Activity:
Your answer should be the lines from the one containing "this 1024×682 image." through the final line below, copied exactly.

Exercise data:
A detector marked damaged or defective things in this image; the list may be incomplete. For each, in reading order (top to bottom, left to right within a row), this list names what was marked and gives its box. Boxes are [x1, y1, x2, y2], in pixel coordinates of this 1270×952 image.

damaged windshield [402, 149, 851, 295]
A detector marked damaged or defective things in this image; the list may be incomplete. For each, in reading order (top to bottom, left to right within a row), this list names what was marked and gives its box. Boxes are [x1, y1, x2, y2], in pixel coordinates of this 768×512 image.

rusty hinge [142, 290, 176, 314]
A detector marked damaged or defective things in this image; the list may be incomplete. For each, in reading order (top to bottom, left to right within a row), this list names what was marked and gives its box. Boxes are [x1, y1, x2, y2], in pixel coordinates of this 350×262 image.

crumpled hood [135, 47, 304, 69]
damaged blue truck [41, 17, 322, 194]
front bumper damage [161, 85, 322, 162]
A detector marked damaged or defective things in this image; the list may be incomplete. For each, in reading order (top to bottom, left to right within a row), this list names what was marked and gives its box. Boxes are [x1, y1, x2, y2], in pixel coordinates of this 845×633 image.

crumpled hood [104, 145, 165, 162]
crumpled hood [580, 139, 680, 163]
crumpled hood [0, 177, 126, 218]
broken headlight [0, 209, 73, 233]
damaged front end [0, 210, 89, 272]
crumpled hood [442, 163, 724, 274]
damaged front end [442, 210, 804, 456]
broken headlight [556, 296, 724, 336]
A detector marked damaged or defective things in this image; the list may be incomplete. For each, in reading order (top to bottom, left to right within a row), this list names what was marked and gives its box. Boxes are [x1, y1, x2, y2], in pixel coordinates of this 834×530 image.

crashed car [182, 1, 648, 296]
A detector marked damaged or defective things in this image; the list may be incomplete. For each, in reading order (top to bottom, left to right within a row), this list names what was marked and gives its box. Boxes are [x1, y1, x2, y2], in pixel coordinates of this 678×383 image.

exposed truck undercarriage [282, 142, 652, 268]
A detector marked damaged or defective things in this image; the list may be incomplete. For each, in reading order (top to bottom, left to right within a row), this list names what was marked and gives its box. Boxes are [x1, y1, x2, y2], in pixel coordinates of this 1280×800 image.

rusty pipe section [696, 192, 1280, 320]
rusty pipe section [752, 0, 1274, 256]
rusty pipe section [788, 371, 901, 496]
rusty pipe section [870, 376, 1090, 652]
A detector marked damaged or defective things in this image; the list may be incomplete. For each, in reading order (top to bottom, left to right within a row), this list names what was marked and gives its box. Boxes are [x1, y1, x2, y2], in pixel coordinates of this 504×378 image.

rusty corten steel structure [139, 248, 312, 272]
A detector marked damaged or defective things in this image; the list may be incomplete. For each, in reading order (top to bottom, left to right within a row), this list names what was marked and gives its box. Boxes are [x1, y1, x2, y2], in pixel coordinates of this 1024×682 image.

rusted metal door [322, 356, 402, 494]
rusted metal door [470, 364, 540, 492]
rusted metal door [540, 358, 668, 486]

Reply to the task:
A detector marked damaged or defective things in this image; the list may be incomplete. For each, in reading order (top to bottom, left to right within a row), this list names what was marked and gives its box. Boxes are [x1, y1, x2, y2], in pixel coordinates of this 1024×682 image.

rusted metal door [322, 356, 402, 494]
rusted metal door [470, 364, 540, 492]
rusted metal door [540, 358, 668, 486]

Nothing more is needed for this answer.